= Problem to solve =
The following entries are to be repeated exactly, and the pictures are to be left behind.

Image-text web data:

● ● ● ● ●

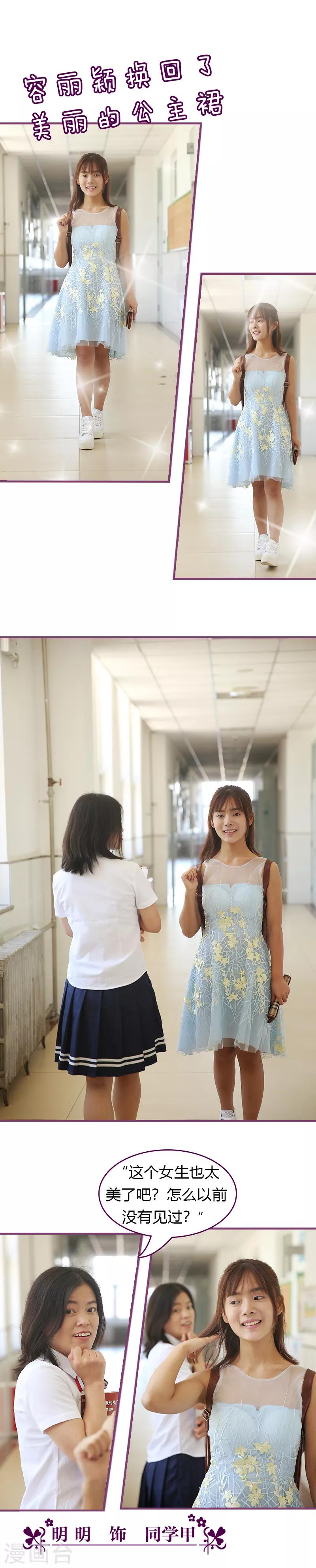 第19话 撞到校草-第19话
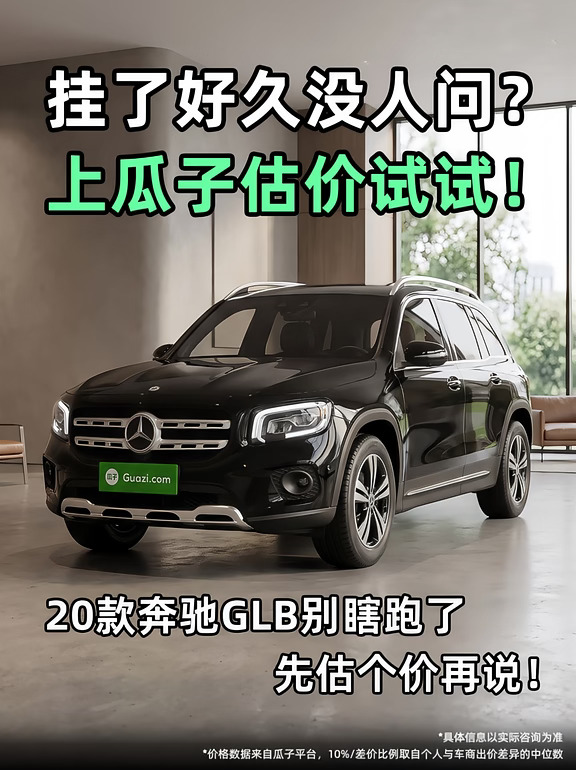 奔驰GLB挂了好久没人问？试试这招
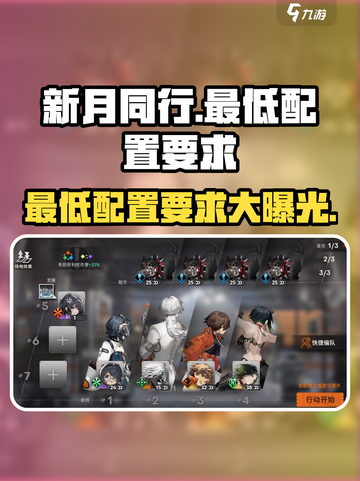 新月同行最低配置🔥内存要求全揭秘！🎮截图1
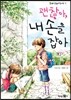 괜찮아, 내 손을 잡아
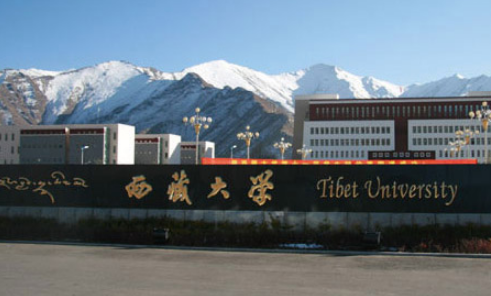 2022年西藏大学高考录取通知书什么时候发放及录取通知书EMS查询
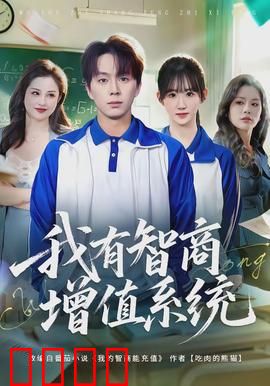 我有智商增值系统：智商逆袭人生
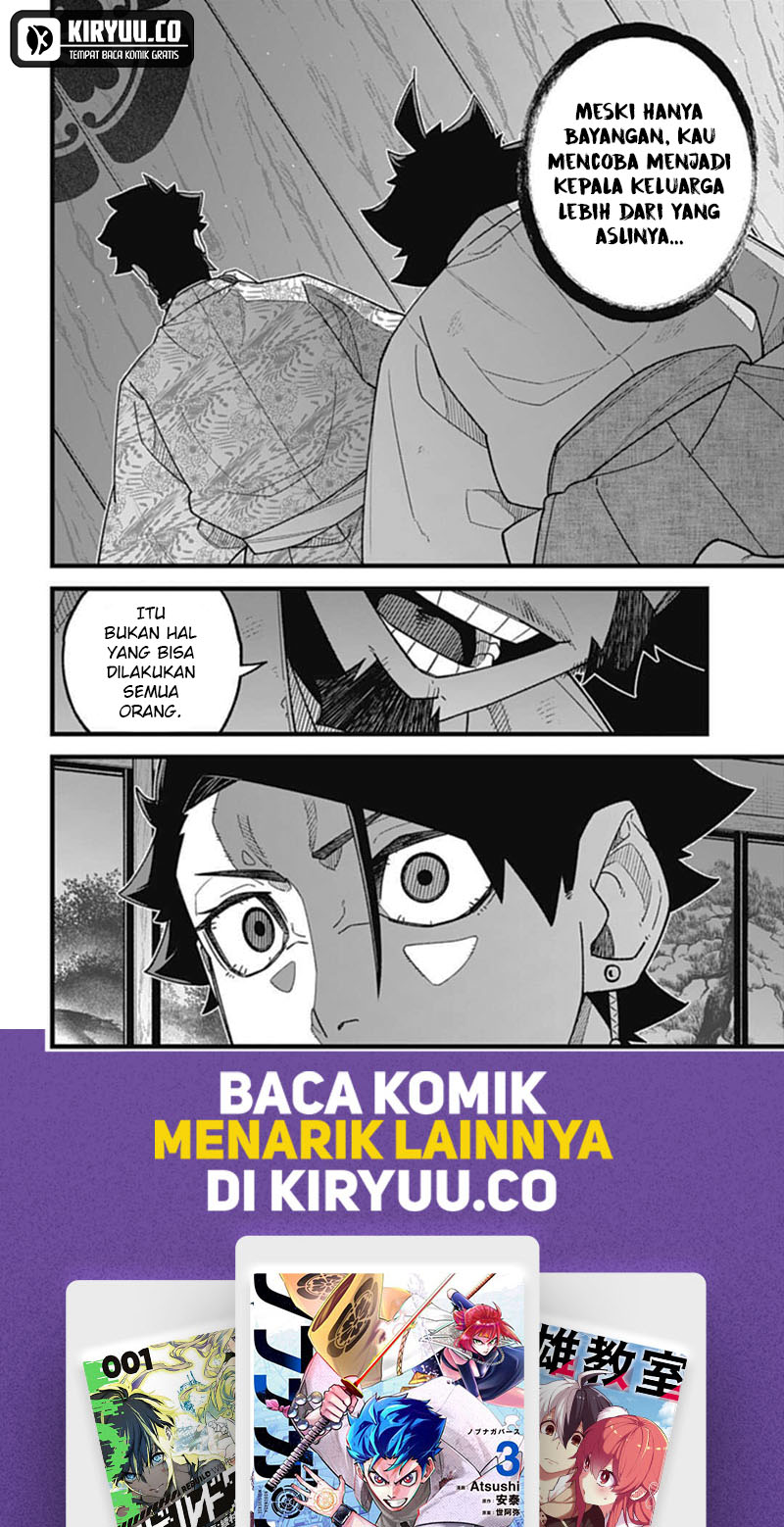 Nobunaga Multiverse Chapter 05.3 Gambar 8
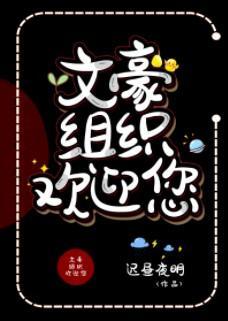 文豪组织欢迎您封面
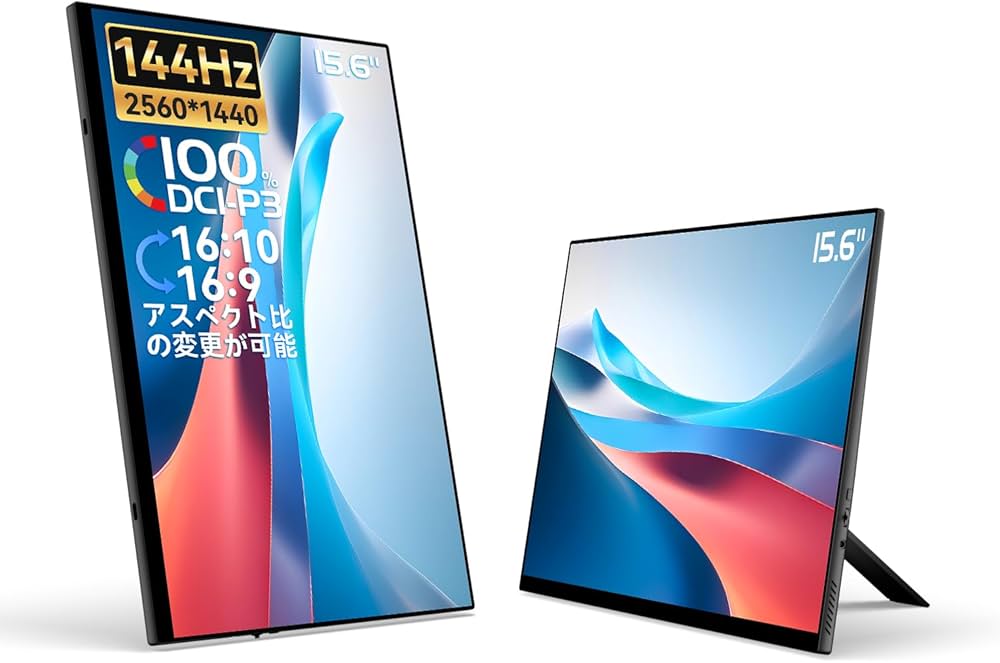 Amazon.co.jp: EHOMEWEI モバイルモニター 15.6インチ 144Hz 2.5K IPS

● ● ● ● ●

= Response area =
 第19话 撞到校草-第19话
 奔驰GLB挂了好久没人问？试试这招
 新月同行最低配置🔥内存要求全揭秘！🎮截图1
 괜찮아, 내 손을 잡아
 2022年西藏大学高考录取通知书什么时候发放及录取通知书EMS查询
 我有智商增值系统：智商逆袭人生
 Nobunaga Multiverse Chapter 05.3 Gambar 8
 文豪组织欢迎您封面
 Amazon.co.jp: EHOMEWEI モバイルモニター 15.6インチ 144Hz 2.5K IPS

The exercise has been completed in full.